__Collected data__:

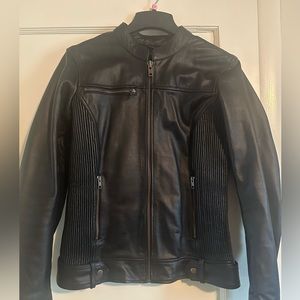 Motorcycle leather jacket with zip out lining
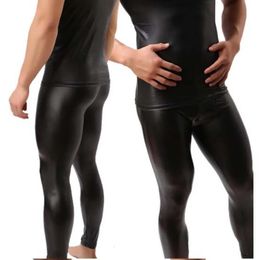 Alta calidad para hombre negro imitación patente cuero flaco lápiz pantalones PU estiramiento polainas hombres sexy clubwear bodywear pantalones 231225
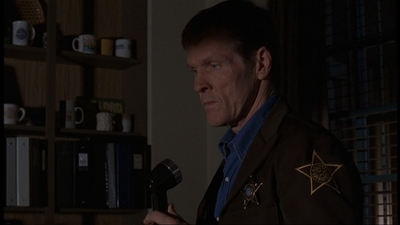 ROSWELL_-_E1X06_285_SOUTH_232.jpg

__Work to be completed__:
The answer should contain every line of the material exactly as written and no pictures.

__Problem solution__:
 Motorcycle leather jacket with zip out lining
 Alta calidad para hombre negro imitación patente cuero flaco lápiz pantalones PU estiramiento polainas hombres sexy clubwear bodywear pantalones 231225
 ROSWELL_-_E1X06_285_SOUTH_232.jpg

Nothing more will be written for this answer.